■ **ACTIVITY**
Please retype the data in full and exactly; the pictures are not part of the copy.

■ **MATERIAL PROVIDED**
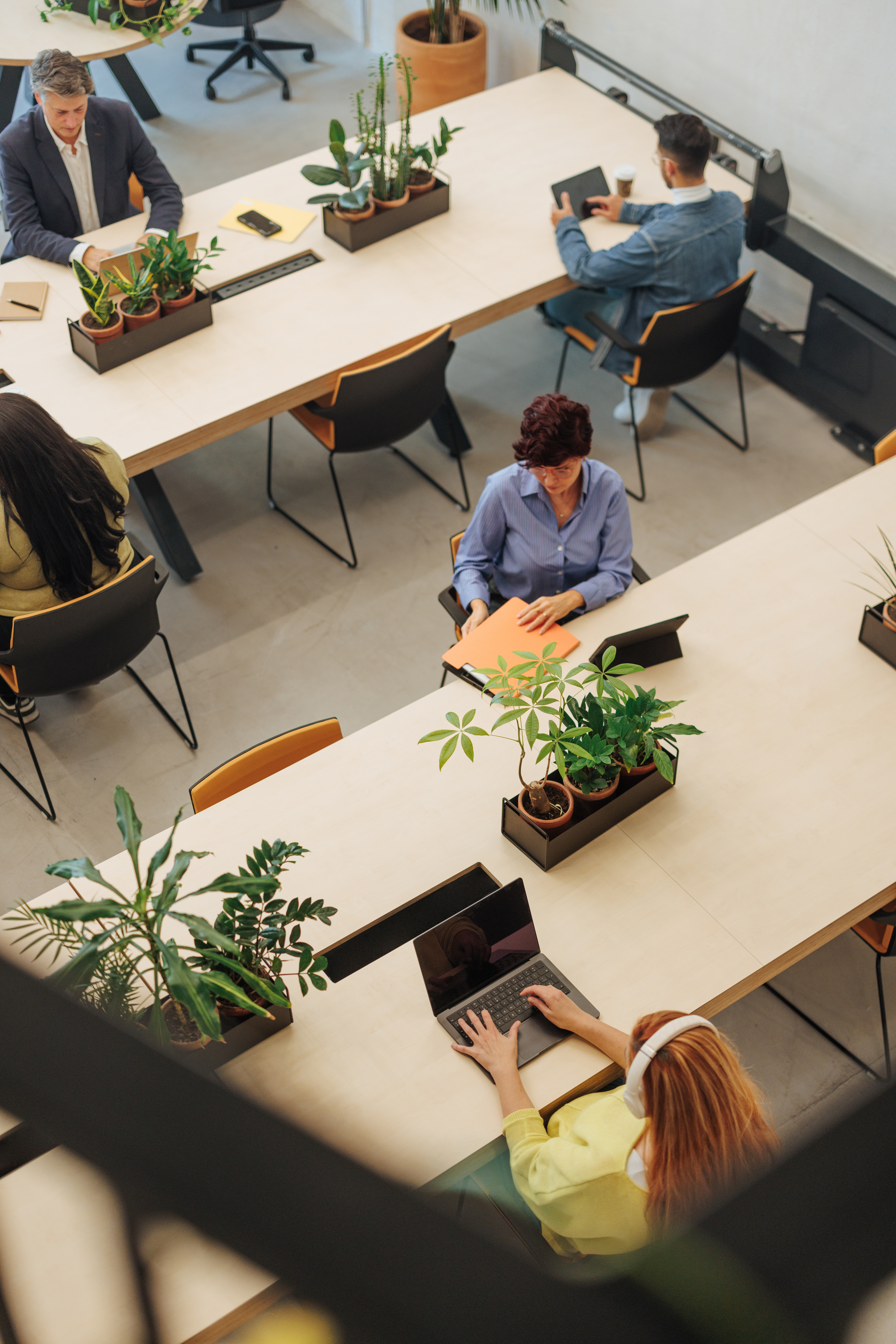 Business professionals working together in a shared office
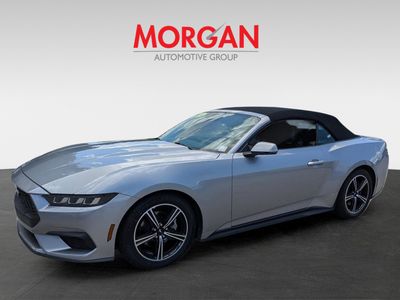 2024 Ford Mustang - Photo 8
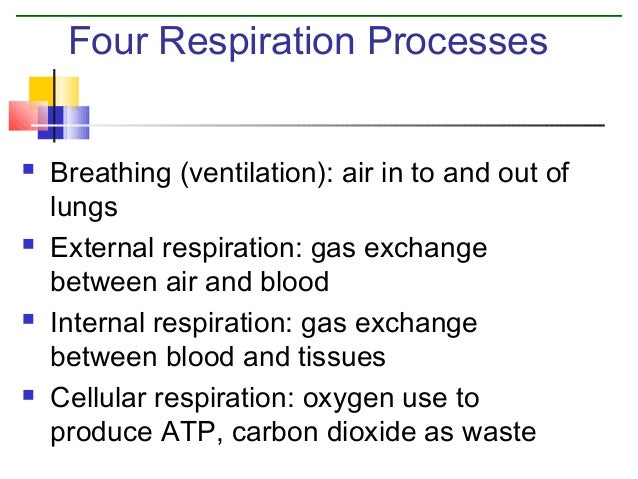 Respiratory system dock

■ **THE COMPLETED TASK**
 Business professionals working together in a shared office
 2024 Ford Mustang - Photo 8
 Respiratory system dock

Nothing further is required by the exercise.